What makes cities succeed, or fall short?
It’s a question worth pondering. In ancient Rome the rabble may have wished for more bread and better circuses. Londoners across many centuries might have asked for less fog. Popular destinations probably wish they could have visitor revenue – without the silly tourists that bring it in. Modern city dwellers everywhere long for less traffic.
I live in a lesser-known place: Ottawa. Well, in a rural corner of it anyway. Which suits me fine. If I need a shot of city life, that’s just 25 minutes away.
For most of my life, I’d have been hard-pressed to locate Ottawa on a map. Now I can report first-hand that Ottawa is justly known for being relatively clean and safe with excellent recreation resources.
Yes, undoubtably, it’s cold here for nearly half the year. But snow is pretty and we get a lot of cheerful sunshine. (Winter is actually one of the better seasons for outdoor recreation in these parts, if you like to get out and ski, skate or snowshoe.)

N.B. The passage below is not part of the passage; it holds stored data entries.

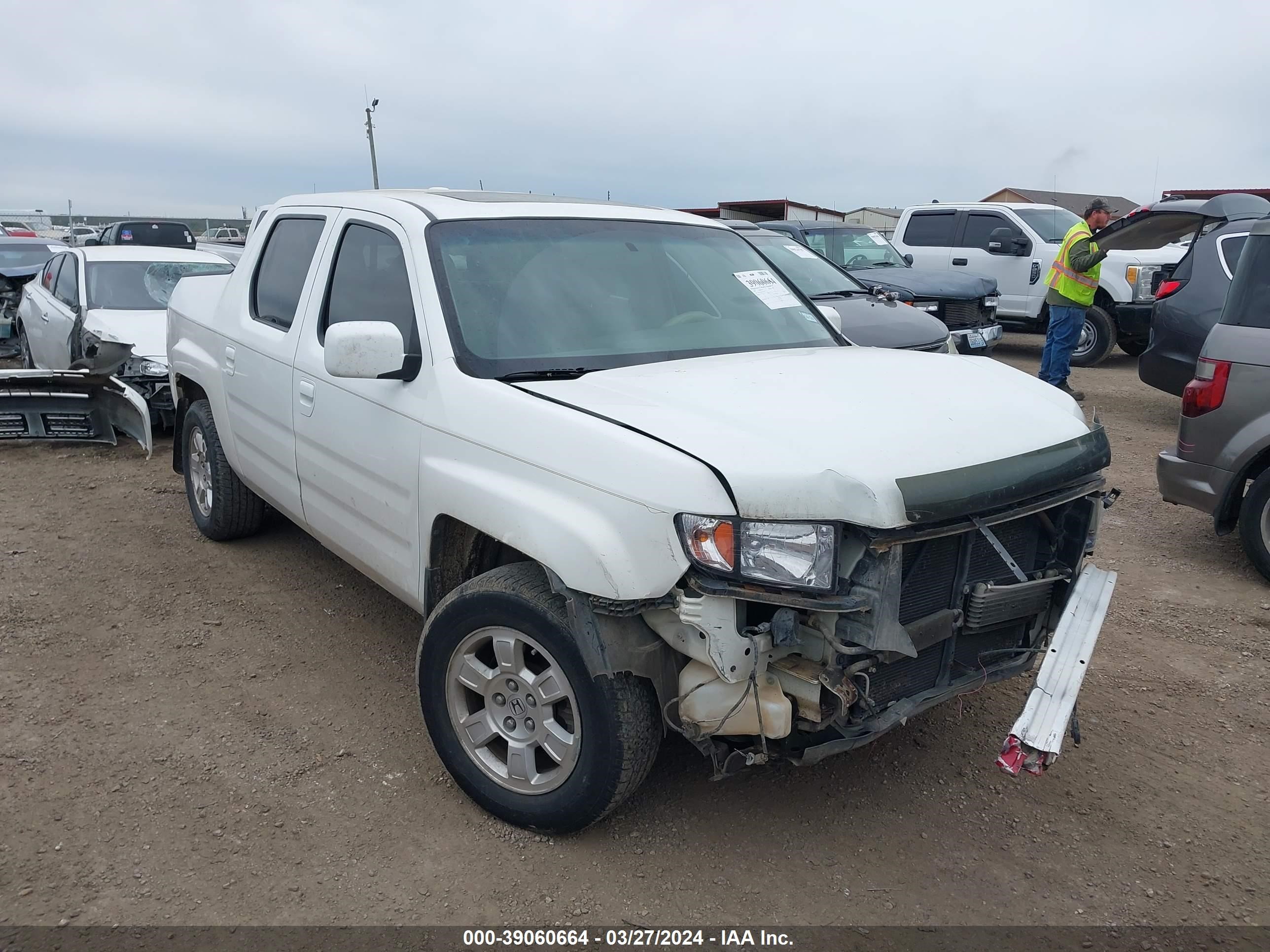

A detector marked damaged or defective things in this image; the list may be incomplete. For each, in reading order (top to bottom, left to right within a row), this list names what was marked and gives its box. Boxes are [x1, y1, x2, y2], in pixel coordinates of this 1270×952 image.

crumpled front bumper [0, 369, 153, 459]
damaged white sedan [15, 246, 233, 428]
damaged white honda ridgeline [167, 190, 1120, 832]
broken headlight assembly [678, 512, 840, 587]
crushed hood [521, 349, 1096, 528]
crushed hood [848, 264, 998, 302]
crumpled front bumper [998, 568, 1120, 777]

One the whole, it’s a nice place to raise a family. In fact, for three years running, MoneySense Magazine has ranked Ottawa as the best place to live in Canada.

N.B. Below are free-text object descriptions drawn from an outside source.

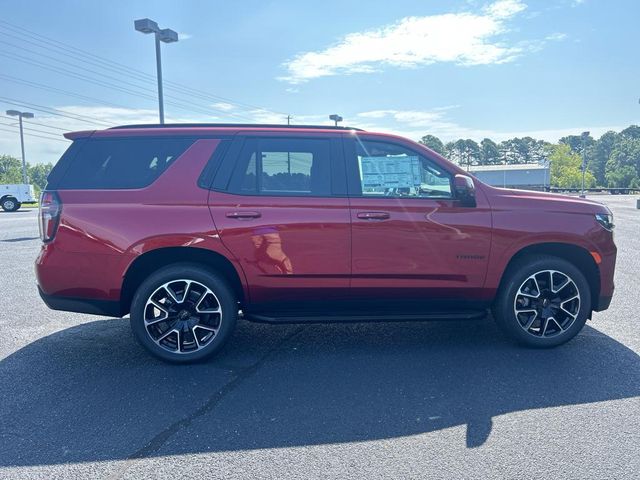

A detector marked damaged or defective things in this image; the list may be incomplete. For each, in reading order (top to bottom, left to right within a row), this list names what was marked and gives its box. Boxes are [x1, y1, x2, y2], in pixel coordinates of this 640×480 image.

pavement crack [109, 326, 306, 480]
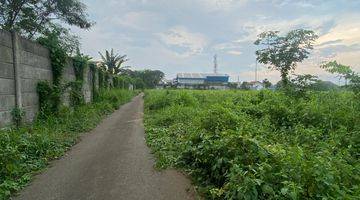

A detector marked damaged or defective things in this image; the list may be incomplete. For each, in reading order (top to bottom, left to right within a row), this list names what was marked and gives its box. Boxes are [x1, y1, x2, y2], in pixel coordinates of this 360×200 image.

cracked asphalt path [13, 94, 194, 200]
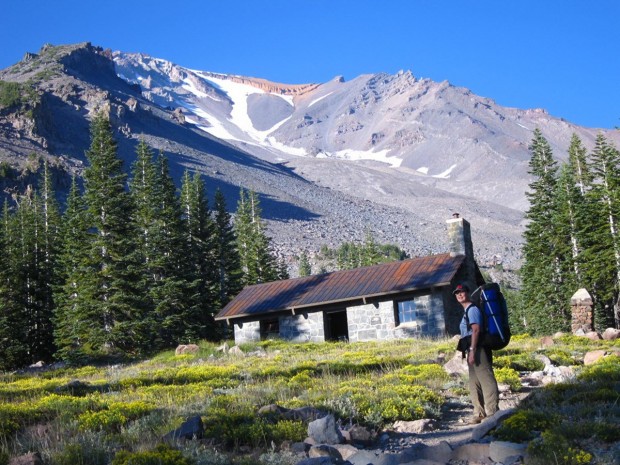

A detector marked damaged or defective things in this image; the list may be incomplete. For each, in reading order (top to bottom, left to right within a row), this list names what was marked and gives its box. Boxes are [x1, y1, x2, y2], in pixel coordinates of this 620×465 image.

rusty metal roof [216, 252, 462, 320]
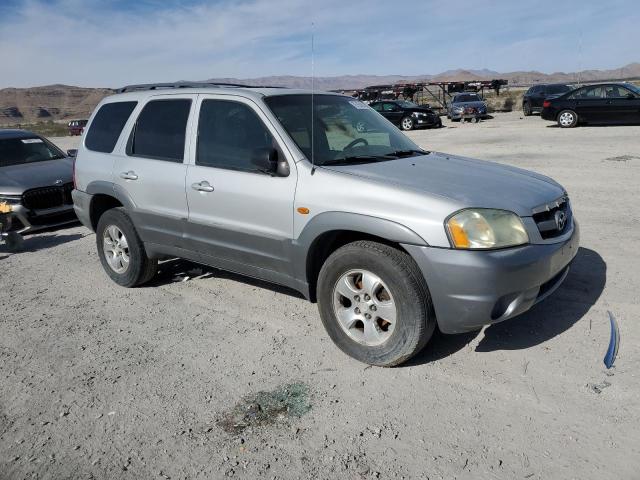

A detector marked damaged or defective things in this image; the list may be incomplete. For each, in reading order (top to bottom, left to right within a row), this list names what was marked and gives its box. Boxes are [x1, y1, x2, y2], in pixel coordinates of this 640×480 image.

wrecked vehicle [0, 128, 76, 232]
wrecked vehicle [72, 83, 576, 368]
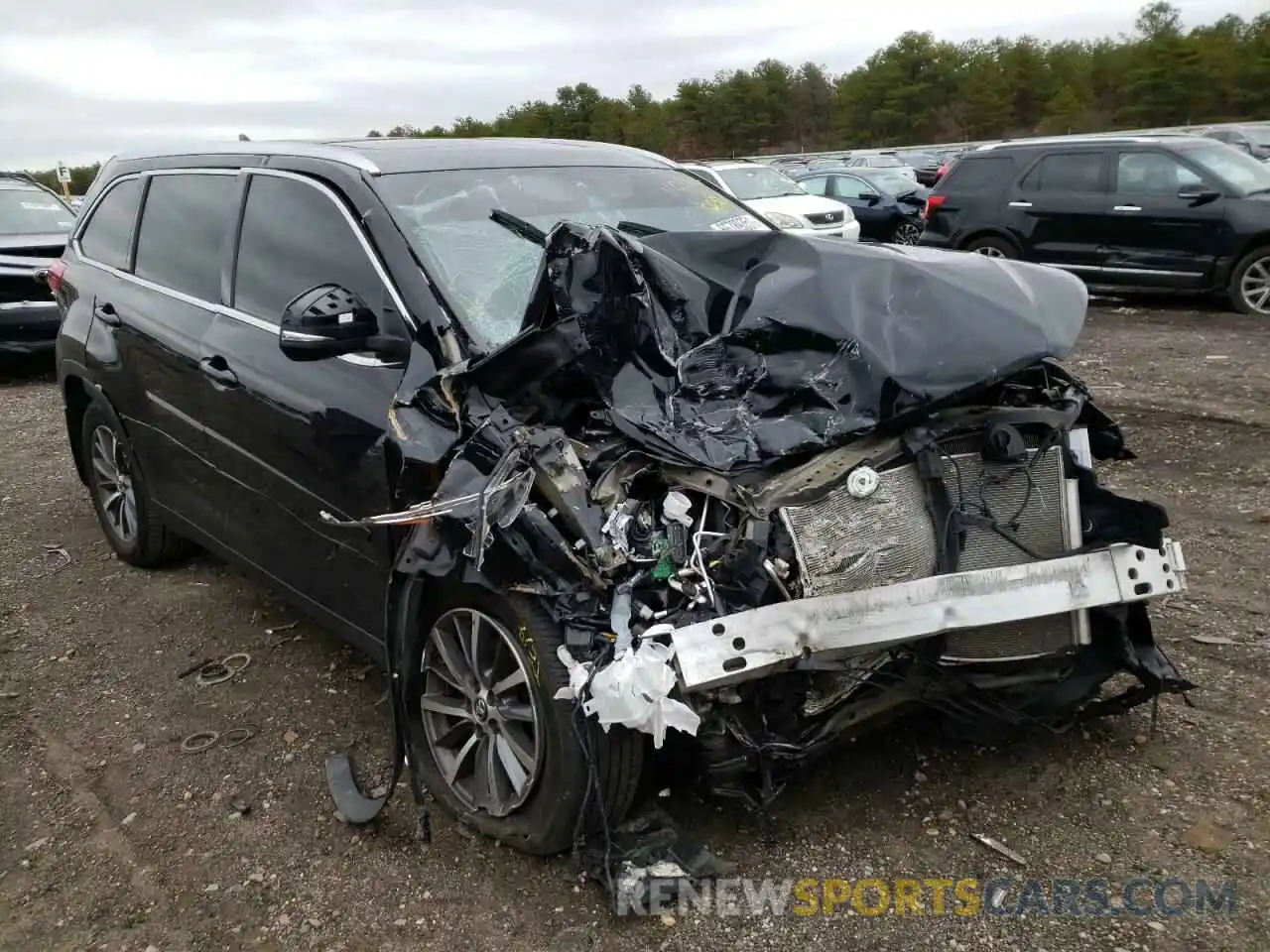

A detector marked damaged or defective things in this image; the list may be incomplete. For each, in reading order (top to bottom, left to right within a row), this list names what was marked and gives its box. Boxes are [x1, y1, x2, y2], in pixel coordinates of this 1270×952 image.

shattered windshield [373, 165, 770, 349]
crumpled hood [452, 224, 1087, 476]
severe front-end damage [325, 223, 1191, 849]
damaged front bumper [671, 539, 1183, 686]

Of course ranking cities is largely subjective. Just ask the wetsuit-clad doctor I met in Nova Scotia. Still high on his excellent surf session, he told me he’d lived in many, many places and – beyond a doubt – “Halifax is Canada’s best-kept secret.” (He did allow that the surfing was better in Hawaii.)
In good times, Canada’s federal capital boasted a wealth of government jobs that insulated against unemployment or a bumps in the real estate market. In the late 90’s Ottawa began to bill itself as “Silicon Valley North” with a booming high tech sector.

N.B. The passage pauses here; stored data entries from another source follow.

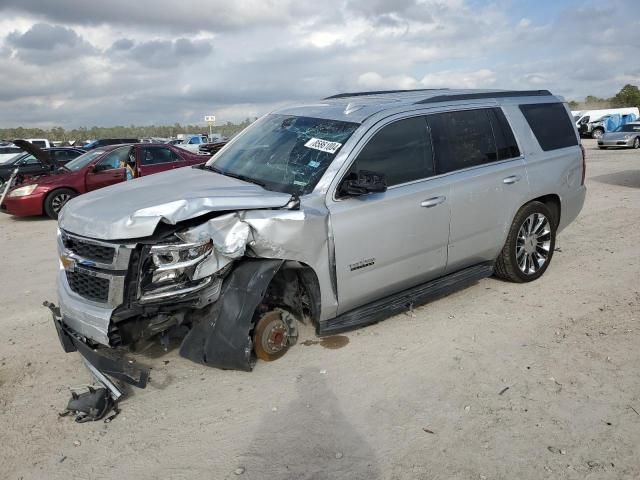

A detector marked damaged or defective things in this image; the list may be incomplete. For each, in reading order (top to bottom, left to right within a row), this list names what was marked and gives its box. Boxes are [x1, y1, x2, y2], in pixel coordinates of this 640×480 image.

crushed bumper [48, 302, 149, 388]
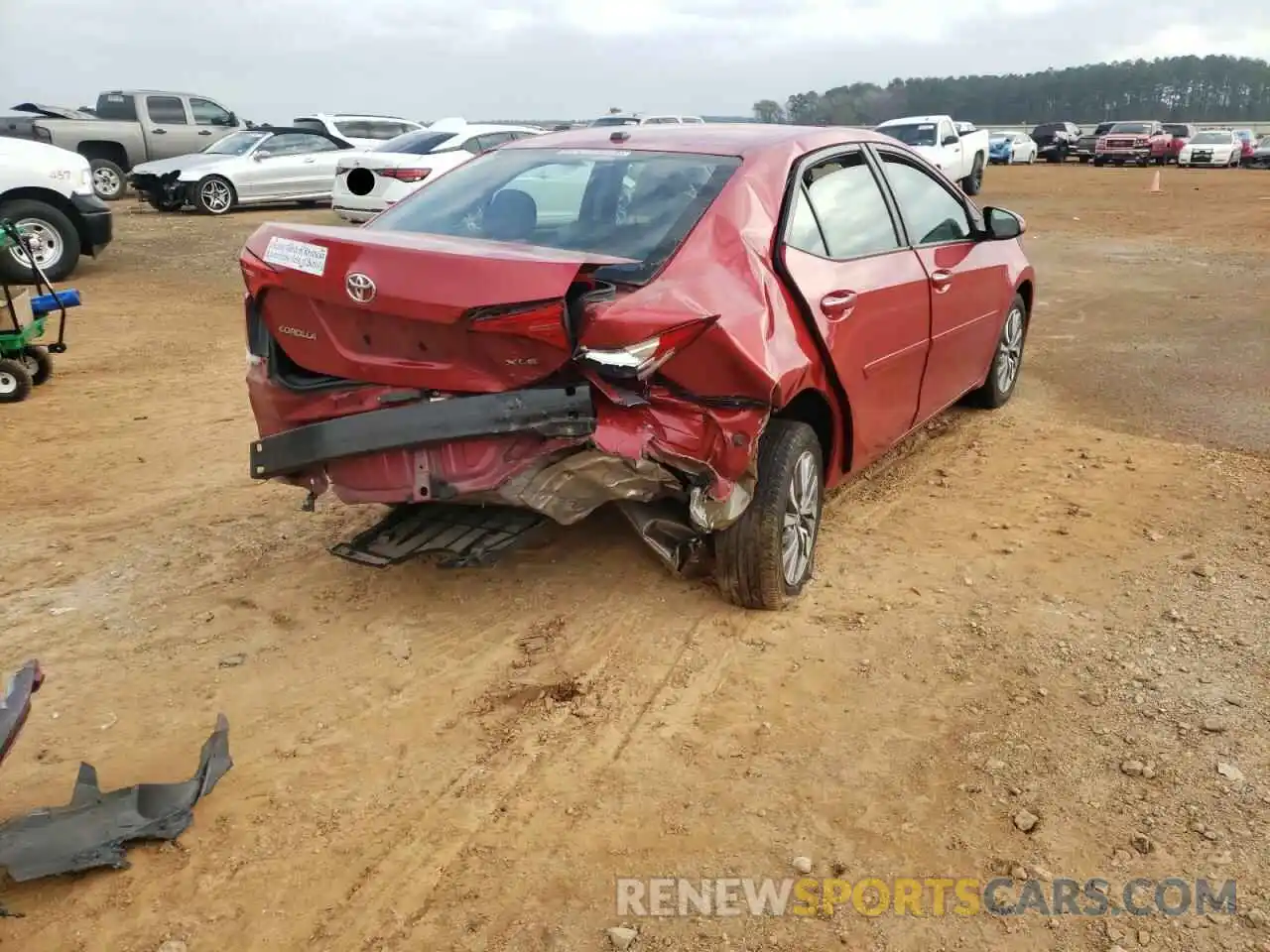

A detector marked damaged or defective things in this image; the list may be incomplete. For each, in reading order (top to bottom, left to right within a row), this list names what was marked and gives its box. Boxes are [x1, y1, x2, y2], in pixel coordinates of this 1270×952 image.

broken tail light [575, 317, 714, 381]
detached bumper piece [256, 383, 603, 480]
detached bumper piece [333, 506, 548, 563]
detached bumper piece [0, 714, 232, 885]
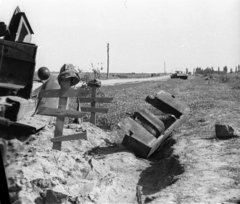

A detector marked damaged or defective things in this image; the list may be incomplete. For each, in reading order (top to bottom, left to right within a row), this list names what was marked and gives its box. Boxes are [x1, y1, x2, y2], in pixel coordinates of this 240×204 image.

rusty metal debris [118, 90, 189, 159]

My husband is in high tech and that’s what brought us to Ottawa from Honolulu. A good public school system and comparatively-low university tuition were additional attractions. The opportunity to experience and explore Canada and the U.S. mainland was also tremendously attractive. Although we miss essential elements of Hawaii, we haven’t been disappointed.
More recently, high tech has been less robust. Thousands of civil servants are getting pink slips because of efforts to slim the federal work force. It’s hard to be completely immune to the waxing and waning of economic forces. But those two realms, along with services, tourism – and yes, plain old agriculture – still float the economy here. (As a municipality, Ottawa is huge. Its boundaries encompass a significant percentage of active farmland.)
Ottawa also has a reputation for being…well, I’ll just say it: dull. It’s known as a place that largely shuts down at night. Where concert goers may be loathe to stand up, cut loose and dance – but happy to fight about lawn chairs.
Ottawa is not as chic as Montreal. The dining is more dynamic in Vancouver and there’s probably far more entrepreneurial energy in Calgary. And who can forget that much of Canada enjoys despising Ottawa as the place where hard-earned tax dollars go to die?
As mentioned, cities have been measured and have measured themselves for a long time. One of the first writers credited with assessing cities as functional units was an Italian named Giovanni Botero.
As Tom Spears reports in the Ottawa Citizen, in 1588 Botero wrote a book “On the Causes of the Greatness and Magnificence of Cities”. And what makes cities work?
Botero doesn’t care much about fortresses and armies; he looks for trade, transportation routes, a middle class, contact with foreign states, universities, and growth, as well an an effective ruler. Not so different from our day.
Published in English for the first time, by the University of Toronto Press (translated and introduced by Geoffrey W. Symcox) the book is described thusly:
The first treatise ever written on the sociology of cities, On the Causes of the Greatness and Magnificence of Cities (1588) marked a radical departure from previous literature on urban centres. It provided a revolutionary analysis of how cities function, and of the political, economic, demographic and geographic factors that cause their growth and decline. Noteworthy too is Botero’s strikingly original use of sources in his analysis: moving beyond familiar classical and biblical references, he drew groundbreaking insights from reports by travelers and missionaries about cities in the non-European world, especially in China.
Though seminally important to the history of urban studies, On the Causes of the Greatness and Magnificence of Cities has not been available in a modern translation until now. This edition of the treatise – which includes an introduction by Geoffrey W. Symcox on the intellectual context within which it was conceived – is a must-read for anyone interested in the life of cities both historical and contemporary.
1588 was a long time ago but some things don’t change much at all.
How does your city stack up? What does it do well, and what might be missing?
And if you have some tips on how Ottawa can be even more livable, send ’em in!
There’s always room for improvement.